(Exercise aim): When writing out the entries below, keep only the lines from the line with "Le Père Noël" to the line with "Banquette Booth 120cm", both included, exactly as they are, and leave the pictures aside.

(Record extracts):
-- Opening Marker --

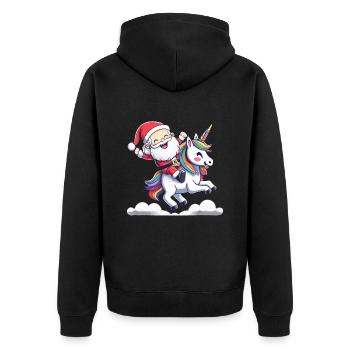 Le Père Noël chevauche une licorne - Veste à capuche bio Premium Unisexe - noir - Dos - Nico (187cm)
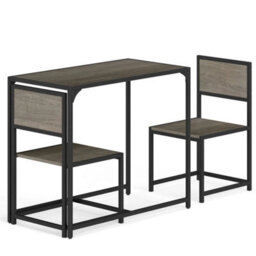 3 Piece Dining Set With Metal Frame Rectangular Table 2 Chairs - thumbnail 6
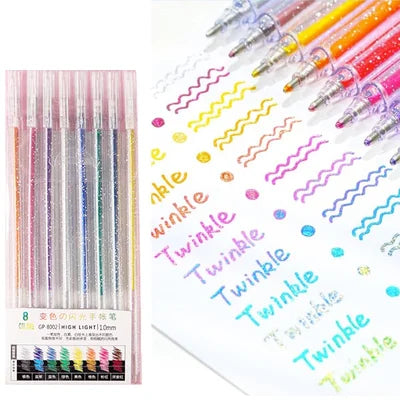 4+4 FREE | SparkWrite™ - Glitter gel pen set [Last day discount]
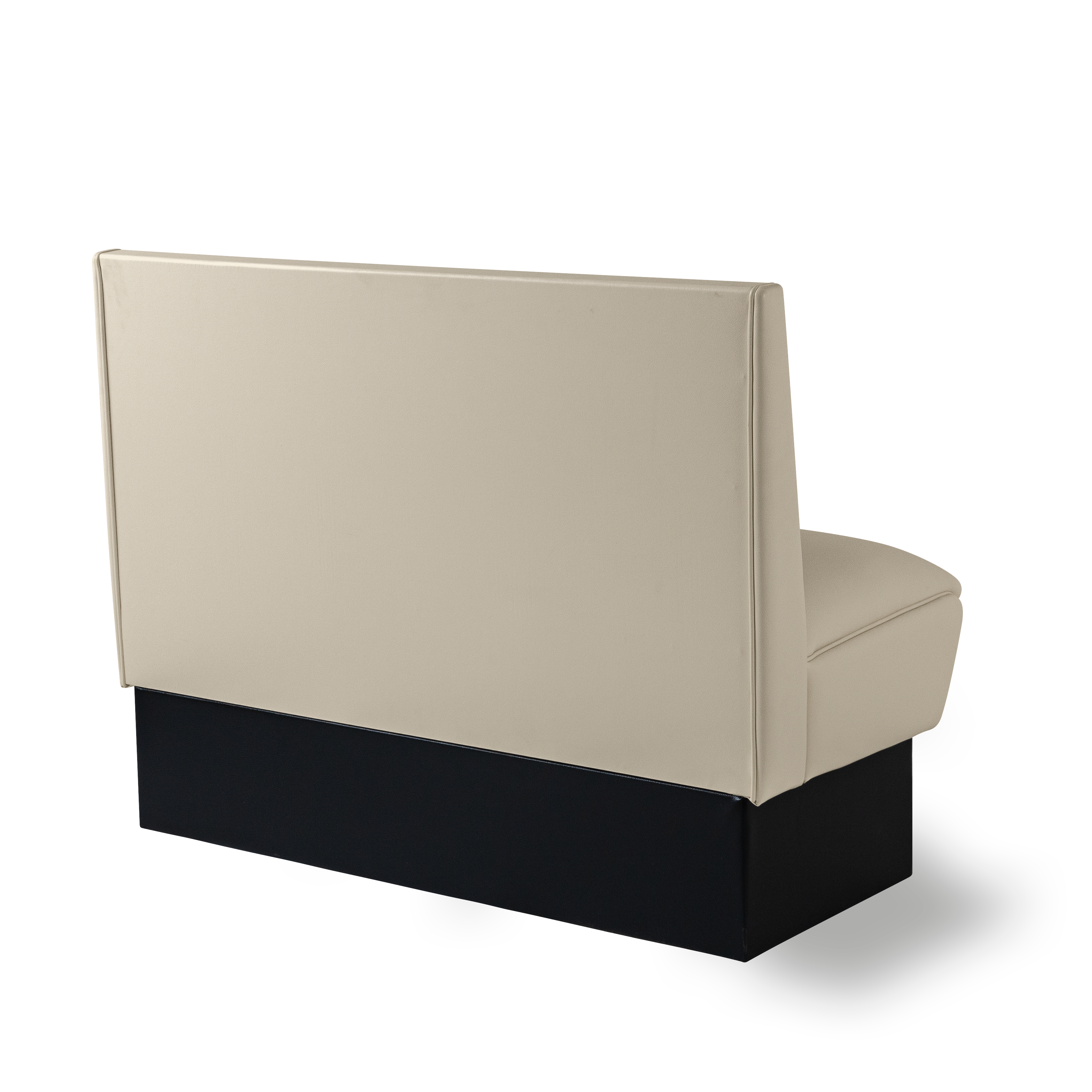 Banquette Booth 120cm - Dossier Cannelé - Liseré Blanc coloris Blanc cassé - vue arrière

-- Closing Marker --
-- Opening Marker --

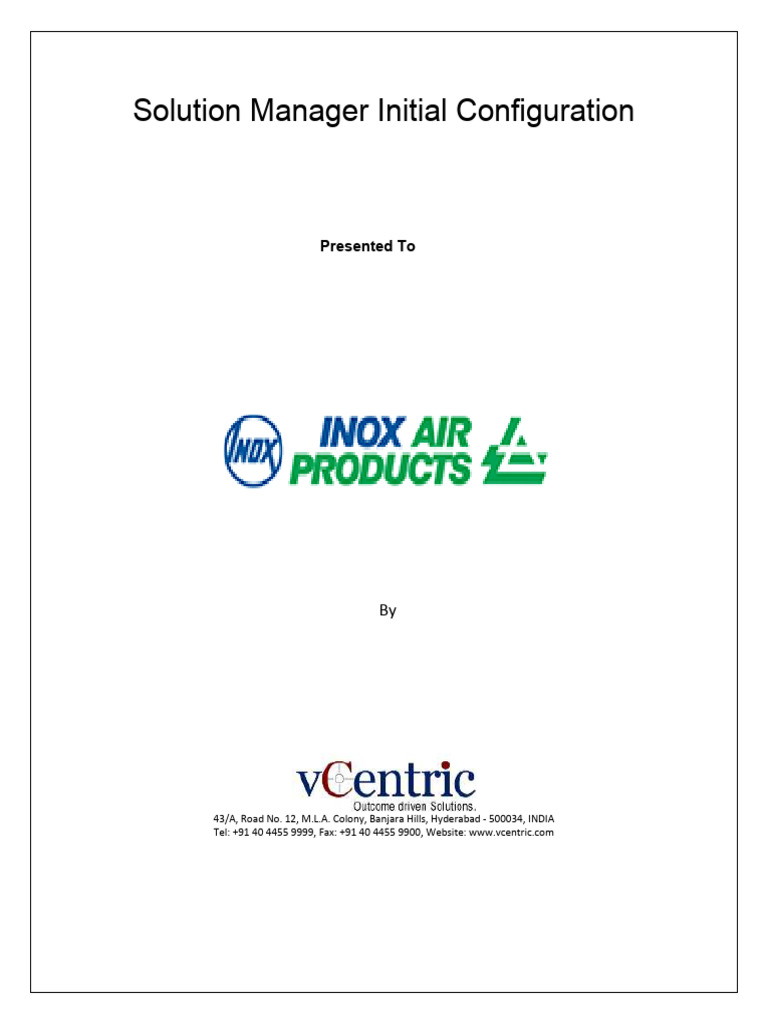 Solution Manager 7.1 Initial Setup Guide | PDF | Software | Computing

-- Closing Marker --

(Solution below):
 Le Père Noël chevauche une licorne - Veste à capuche bio Premium Unisexe - noir - Dos - Nico (187cm)
 3 Piece Dining Set With Metal Frame Rectangular Table 2 Chairs - thumbnail 6
 4+4 FREE | SparkWrite™ - Glitter gel pen set [Last day discount]
 Banquette Booth 120cm - Dossier Cannelé - Liseré Blanc coloris Blanc cassé - vue arrière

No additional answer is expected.